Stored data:
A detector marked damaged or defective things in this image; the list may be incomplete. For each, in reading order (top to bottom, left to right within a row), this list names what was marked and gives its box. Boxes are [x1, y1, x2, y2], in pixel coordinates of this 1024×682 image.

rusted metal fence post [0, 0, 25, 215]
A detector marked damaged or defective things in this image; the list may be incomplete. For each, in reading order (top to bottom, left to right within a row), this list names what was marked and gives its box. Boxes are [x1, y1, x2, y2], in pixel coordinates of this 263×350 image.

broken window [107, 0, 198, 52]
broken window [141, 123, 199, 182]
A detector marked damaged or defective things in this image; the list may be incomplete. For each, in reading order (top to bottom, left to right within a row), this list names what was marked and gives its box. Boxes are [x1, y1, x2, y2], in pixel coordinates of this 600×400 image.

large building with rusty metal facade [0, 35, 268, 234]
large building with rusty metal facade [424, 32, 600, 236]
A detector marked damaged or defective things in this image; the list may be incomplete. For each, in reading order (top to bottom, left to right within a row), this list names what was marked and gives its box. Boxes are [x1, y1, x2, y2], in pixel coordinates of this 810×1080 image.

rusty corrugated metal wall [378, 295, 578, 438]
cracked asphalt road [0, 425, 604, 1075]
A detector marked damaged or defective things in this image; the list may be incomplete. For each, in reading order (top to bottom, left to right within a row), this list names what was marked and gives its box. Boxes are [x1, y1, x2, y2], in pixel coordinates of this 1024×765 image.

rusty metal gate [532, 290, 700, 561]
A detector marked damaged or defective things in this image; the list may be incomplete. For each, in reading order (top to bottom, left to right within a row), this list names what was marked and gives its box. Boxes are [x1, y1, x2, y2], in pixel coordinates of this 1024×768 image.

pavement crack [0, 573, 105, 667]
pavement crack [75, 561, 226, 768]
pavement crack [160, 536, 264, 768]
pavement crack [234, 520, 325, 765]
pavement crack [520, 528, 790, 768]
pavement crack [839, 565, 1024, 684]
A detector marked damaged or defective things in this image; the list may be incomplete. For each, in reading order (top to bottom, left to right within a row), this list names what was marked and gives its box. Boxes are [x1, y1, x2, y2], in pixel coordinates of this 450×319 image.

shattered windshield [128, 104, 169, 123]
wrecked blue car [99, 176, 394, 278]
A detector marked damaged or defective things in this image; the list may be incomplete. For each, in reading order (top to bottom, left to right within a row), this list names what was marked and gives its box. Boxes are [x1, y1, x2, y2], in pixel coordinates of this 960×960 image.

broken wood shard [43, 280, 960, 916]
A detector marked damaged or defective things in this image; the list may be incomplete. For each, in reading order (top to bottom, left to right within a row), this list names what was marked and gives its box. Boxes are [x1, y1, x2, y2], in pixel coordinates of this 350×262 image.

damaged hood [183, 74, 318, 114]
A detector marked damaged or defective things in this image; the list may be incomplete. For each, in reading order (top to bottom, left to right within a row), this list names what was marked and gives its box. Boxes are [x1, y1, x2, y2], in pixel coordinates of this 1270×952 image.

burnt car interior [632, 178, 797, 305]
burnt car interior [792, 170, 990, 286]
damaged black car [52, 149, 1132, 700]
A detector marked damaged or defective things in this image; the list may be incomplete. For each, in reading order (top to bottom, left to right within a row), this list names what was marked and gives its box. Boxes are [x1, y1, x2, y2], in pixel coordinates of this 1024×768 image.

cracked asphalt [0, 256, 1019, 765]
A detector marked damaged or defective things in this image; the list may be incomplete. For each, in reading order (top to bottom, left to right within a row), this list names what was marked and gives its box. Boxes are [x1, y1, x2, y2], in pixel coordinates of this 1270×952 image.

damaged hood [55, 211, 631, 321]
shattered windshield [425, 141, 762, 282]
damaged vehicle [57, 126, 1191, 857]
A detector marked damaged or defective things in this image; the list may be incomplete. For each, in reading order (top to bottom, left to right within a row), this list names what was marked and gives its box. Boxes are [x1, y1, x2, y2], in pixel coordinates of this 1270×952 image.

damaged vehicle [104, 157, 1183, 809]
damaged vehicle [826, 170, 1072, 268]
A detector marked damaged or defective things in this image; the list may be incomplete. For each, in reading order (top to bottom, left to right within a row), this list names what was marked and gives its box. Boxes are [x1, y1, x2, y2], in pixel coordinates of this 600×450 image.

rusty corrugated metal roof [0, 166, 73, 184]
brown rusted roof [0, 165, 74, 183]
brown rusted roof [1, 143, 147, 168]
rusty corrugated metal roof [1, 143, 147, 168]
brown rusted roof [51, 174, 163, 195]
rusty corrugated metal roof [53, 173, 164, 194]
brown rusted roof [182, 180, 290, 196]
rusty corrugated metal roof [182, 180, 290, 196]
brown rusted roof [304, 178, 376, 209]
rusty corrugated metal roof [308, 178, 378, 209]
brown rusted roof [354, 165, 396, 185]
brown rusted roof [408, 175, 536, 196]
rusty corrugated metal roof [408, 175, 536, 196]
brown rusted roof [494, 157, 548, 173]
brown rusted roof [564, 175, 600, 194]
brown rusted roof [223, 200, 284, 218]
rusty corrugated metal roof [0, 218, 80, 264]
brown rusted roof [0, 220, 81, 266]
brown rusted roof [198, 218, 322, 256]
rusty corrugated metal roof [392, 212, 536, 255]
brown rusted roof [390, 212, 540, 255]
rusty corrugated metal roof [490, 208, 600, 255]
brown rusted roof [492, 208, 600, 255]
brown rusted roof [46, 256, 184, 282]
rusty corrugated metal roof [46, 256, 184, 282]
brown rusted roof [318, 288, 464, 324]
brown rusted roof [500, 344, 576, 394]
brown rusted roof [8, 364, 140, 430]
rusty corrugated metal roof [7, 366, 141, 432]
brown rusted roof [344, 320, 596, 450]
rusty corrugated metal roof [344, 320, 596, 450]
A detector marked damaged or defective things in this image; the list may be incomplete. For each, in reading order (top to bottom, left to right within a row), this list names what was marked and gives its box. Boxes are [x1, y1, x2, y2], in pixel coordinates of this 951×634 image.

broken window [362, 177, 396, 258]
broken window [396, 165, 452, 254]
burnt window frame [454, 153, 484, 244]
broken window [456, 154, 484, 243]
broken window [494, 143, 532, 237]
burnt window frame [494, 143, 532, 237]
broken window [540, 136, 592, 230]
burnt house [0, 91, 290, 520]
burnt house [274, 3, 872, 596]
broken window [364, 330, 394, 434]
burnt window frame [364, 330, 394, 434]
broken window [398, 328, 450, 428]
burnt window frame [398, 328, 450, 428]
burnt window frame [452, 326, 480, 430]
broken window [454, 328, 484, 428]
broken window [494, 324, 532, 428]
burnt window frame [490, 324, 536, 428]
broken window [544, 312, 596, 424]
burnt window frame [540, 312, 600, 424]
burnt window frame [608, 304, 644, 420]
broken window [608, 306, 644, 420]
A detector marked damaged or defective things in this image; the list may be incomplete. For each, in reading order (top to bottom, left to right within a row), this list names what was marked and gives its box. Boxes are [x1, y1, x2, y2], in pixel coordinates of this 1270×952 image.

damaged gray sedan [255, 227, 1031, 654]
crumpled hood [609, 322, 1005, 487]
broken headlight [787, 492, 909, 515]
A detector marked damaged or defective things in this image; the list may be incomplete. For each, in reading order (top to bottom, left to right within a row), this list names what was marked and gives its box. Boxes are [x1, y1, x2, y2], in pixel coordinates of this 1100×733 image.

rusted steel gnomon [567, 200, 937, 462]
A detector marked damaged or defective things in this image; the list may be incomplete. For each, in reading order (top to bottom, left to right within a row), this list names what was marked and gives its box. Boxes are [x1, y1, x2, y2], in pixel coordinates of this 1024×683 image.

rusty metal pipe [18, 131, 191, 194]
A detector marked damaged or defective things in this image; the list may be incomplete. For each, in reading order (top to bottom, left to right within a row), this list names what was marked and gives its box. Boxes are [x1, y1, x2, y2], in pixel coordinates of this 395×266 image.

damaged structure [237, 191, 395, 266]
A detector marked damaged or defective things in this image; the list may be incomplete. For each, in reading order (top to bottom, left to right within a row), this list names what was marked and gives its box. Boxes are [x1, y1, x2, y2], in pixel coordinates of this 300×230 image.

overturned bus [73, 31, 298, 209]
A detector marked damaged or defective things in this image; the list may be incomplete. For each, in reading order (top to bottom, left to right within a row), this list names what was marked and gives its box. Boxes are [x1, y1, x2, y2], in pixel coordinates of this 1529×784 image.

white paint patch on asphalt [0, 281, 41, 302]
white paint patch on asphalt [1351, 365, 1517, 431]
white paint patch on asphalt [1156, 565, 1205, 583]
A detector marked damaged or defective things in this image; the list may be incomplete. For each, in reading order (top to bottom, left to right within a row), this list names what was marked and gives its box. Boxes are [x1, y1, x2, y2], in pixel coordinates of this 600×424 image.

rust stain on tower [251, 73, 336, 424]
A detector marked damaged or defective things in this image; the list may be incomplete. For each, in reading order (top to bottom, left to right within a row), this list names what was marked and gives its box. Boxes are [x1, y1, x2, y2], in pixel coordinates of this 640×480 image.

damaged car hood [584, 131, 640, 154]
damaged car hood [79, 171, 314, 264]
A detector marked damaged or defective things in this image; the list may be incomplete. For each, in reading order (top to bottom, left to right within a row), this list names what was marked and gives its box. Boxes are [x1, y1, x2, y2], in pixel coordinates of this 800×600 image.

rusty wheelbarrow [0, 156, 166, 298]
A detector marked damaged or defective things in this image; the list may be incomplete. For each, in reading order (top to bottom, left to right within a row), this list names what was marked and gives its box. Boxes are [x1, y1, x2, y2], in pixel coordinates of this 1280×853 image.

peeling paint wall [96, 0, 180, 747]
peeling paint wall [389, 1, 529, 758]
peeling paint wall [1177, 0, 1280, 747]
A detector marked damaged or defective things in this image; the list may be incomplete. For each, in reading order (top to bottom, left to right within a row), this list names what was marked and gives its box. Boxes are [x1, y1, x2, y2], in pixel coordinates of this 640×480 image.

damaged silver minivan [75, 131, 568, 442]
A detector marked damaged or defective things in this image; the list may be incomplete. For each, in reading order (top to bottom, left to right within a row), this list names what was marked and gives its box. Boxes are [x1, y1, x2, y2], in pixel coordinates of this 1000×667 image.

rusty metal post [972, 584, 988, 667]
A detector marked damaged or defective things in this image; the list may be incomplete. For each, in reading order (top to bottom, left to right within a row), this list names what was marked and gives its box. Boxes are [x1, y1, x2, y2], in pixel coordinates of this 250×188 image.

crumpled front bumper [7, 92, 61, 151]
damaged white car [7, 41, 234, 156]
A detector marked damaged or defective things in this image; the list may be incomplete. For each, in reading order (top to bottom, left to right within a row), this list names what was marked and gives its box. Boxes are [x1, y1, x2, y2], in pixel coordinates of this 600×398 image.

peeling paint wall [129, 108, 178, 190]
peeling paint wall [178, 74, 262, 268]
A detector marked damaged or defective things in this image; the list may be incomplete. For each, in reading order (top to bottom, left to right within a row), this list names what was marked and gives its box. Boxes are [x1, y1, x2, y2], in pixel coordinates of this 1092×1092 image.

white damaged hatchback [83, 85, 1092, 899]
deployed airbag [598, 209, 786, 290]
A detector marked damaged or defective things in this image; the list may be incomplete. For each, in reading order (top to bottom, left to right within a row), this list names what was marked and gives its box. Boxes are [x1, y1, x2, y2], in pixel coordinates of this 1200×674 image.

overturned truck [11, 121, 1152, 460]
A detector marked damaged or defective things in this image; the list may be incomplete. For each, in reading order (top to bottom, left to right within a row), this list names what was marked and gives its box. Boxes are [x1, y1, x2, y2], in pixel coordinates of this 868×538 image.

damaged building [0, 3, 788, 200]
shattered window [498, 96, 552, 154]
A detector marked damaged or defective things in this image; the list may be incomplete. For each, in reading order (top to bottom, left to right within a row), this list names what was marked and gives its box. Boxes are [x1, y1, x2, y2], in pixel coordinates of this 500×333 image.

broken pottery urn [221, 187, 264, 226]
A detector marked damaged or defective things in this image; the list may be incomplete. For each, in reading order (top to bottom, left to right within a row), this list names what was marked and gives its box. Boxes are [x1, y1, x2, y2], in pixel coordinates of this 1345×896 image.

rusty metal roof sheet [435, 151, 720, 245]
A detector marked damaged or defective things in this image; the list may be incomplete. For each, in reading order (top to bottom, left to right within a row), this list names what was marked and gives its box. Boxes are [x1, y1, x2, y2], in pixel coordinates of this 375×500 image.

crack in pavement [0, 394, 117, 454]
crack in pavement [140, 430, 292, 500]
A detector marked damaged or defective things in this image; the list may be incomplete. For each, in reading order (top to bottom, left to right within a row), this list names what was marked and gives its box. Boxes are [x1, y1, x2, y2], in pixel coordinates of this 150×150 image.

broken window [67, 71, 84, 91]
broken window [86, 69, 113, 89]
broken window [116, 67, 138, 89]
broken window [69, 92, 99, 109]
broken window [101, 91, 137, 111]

What you have to do
Keep only the lines from the line with "this 1345×896 image." to the end of the records above, and repeat them exactly.

Task solution
A detector marked damaged or defective things in this image; the list may be incomplete. For each, in reading order (top to bottom, left to right within a row), this list names what was marked and gives its box. Boxes are [x1, y1, x2, y2], in pixel coordinates of this 1345×896 image.

rusty metal roof sheet [435, 151, 720, 245]
A detector marked damaged or defective things in this image; the list may be incomplete. For each, in reading order (top to bottom, left to right within a row), this list names what was marked and gives its box. Boxes are [x1, y1, x2, y2], in pixel coordinates of this 375×500 image.

crack in pavement [0, 394, 117, 454]
crack in pavement [140, 430, 292, 500]
A detector marked damaged or defective things in this image; the list may be incomplete. For each, in reading order (top to bottom, left to right within a row), this list names what was marked and gives its box. Boxes are [x1, y1, x2, y2], in pixel coordinates of this 150×150 image.

broken window [67, 71, 84, 91]
broken window [86, 69, 113, 89]
broken window [116, 67, 138, 89]
broken window [69, 92, 99, 109]
broken window [101, 91, 137, 111]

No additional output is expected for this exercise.